Background: Patients undergoing endoscopic retrograde cholangiopancreatography (ERCP) require adequate sedation or general anesthesia. This prospective clinical study investigated the safety and efficacy of midazolam -Ketamine versus propofol-fentanyl during ERCP procedures. patients and Methods: The study included 80 patients who underwent ERCP following anesthesiologist-administered sedation with fentanyl-propofol and other group midazolam-Ketamine.

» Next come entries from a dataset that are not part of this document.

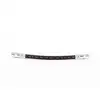 Image de TRW Flexible de frein pour BMW: Série 7, Série 5, Série 3, Série 6, M5, M3 & VOLVO: V70, S70, C70, 850 (Ref: PHA346)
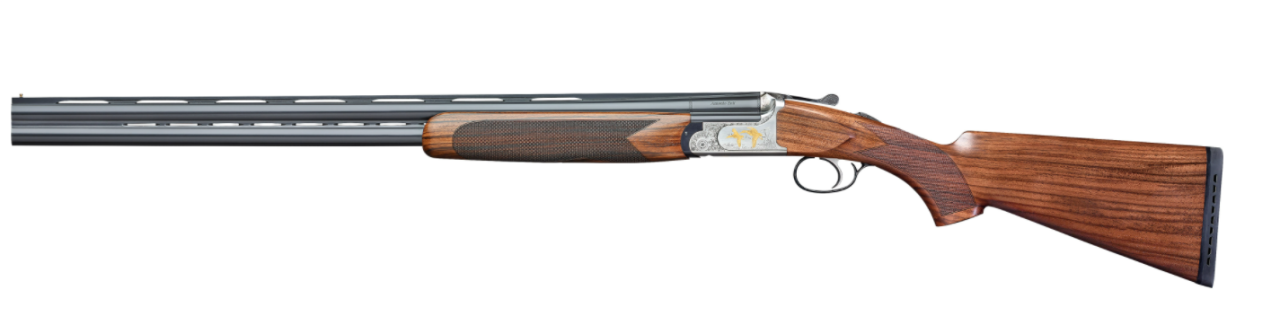 Antonio Zoli Columbus Gold Gravürlü 12cal. 71cm. Av Tüfeği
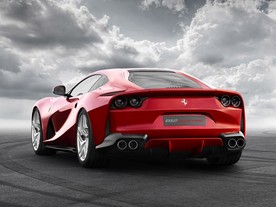 Ferrari 812 Superfast
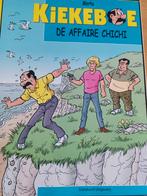 Kiekeboe de affaire chichi, Boeken, Ophalen of Verzenden, Zo goed als nieuw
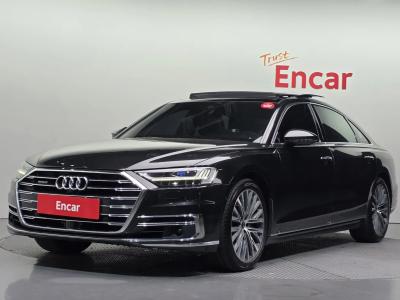 2021 Audi A8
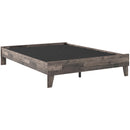 Signature Design by Ashley Neilsville EB2120-113 Queen Platform Bed IMAGE 1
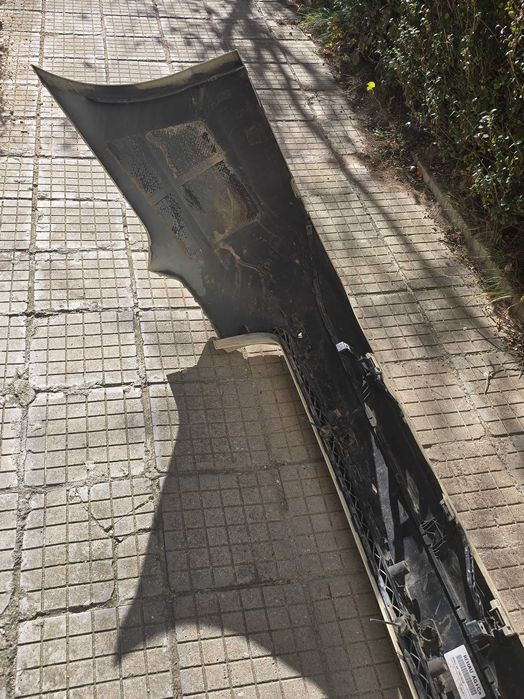 Задна броня мерцедес w212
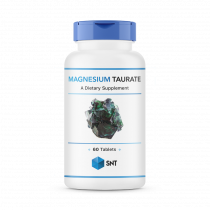 SNT Magnesium Taurate, 60 таблеток SNT Magnesium Taurate, 60 таблеток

Procedural data, oxygen saturation, blood pressure, heart rate, recovery time, discharge times the effectiveness of sedation during the procedure was assess according to Modified Observer’s Assessment of Alertness/Sedation (MOAA/S) scores. Results: Sedation related complications occurred in 13 of 40 patients in group Ketamine – midazolam and 5 of 40 patients in group fentanyl-propofol included nausea / vomiting, agitation and headache. Most events were minor and did not necessitate discontinuation of the procedure. Successful cannulation was performed in all patients. the time of recovery was significantly lower in group MK with 5.15 ± 1.3 min compared to 6.15 ± 2 in group FP, and discharge was significantly. lower in group FP with 20.35 ± 0.7 min, compared to 24.15 ± 3.4 min in group MK. this occurred due to the number of patients who had side effects in midazolam-Ketamine group was more than the other group. Conclusion: We concluded that FP, more suitable for sedation and less complications rather than MK. Although no significant complications were seen.